=== What to do ===
From the line with "Kafasına, korkmuş ve" to the line with "s målvakt Jonas Gunnarsson", retype each line exactly as it stands in the records below, but skip the pictures.

=== Raw data ===
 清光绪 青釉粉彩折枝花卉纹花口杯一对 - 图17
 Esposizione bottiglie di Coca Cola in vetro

...

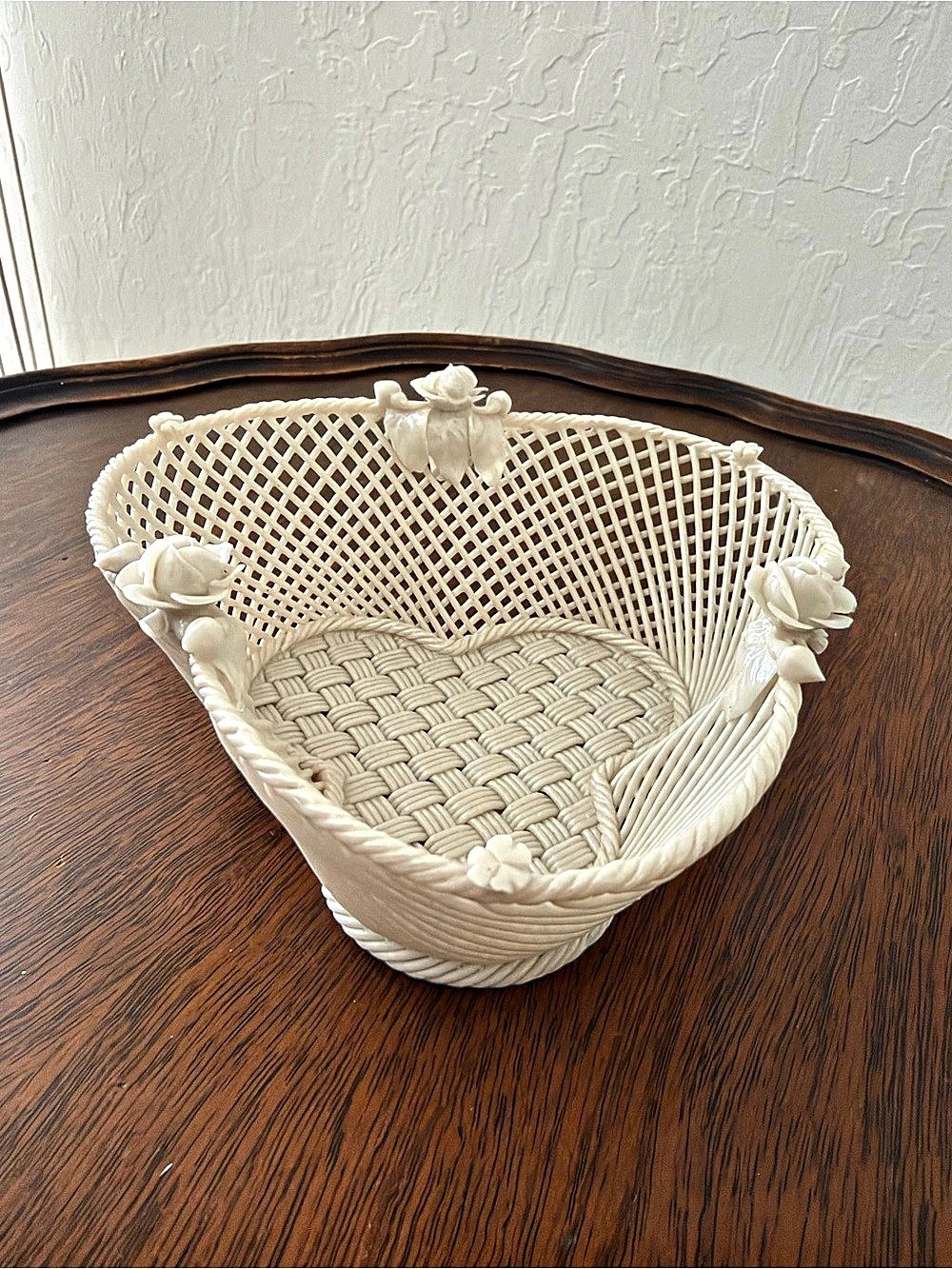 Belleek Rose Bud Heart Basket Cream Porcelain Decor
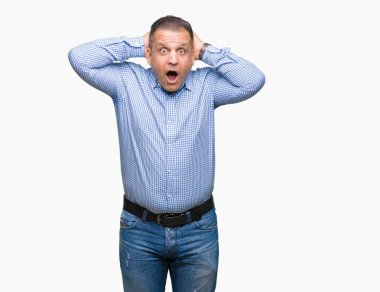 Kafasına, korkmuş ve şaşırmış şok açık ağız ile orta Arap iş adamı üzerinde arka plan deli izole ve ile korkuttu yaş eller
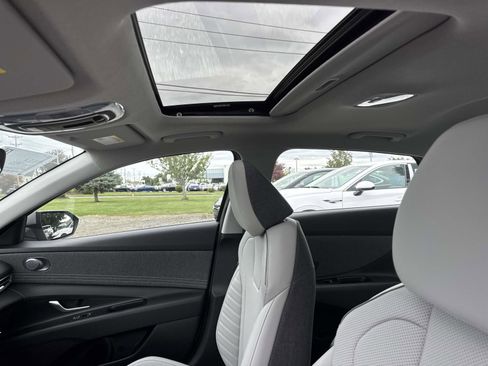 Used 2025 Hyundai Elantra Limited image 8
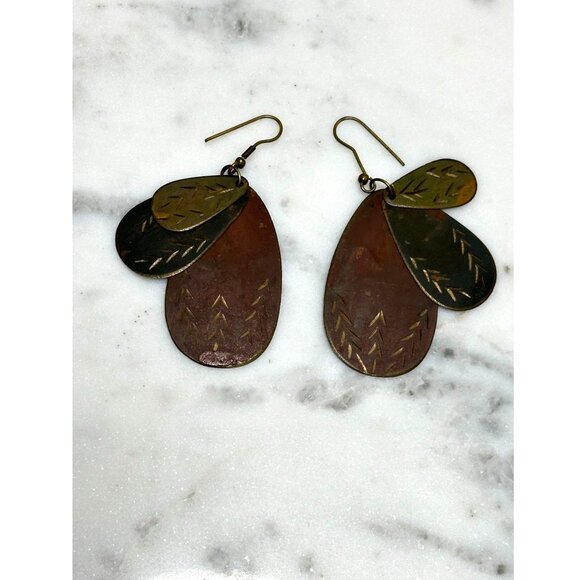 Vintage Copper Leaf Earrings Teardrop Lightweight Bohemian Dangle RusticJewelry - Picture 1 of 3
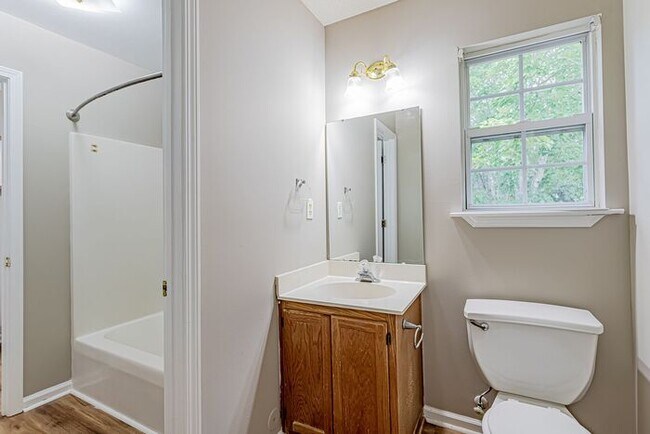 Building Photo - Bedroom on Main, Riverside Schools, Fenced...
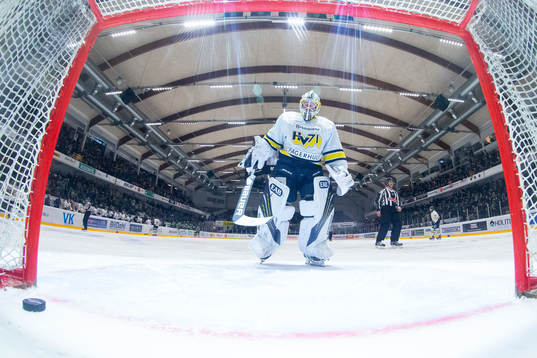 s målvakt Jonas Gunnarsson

* * *

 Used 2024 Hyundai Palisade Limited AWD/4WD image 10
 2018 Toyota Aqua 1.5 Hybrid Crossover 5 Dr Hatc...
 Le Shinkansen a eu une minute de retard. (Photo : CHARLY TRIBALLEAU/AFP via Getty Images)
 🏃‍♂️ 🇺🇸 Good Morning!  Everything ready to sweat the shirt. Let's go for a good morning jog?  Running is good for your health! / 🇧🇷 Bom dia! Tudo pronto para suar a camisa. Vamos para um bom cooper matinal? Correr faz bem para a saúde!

=== Written answer ===
 Kafasına, korkmuş ve şaşırmış şok açık ağız ile orta Arap iş adamı üzerinde arka plan deli izole ve ile korkuttu yaş eller
 Used 2025 Hyundai Elantra Limited image 8
 Vintage Copper Leaf Earrings Teardrop Lightweight Bohemian Dangle RusticJewelry - Picture 1 of 3
 Building Photo - Bedroom on Main, Riverside Schools, Fenced...
 s målvakt Jonas Gunnarsson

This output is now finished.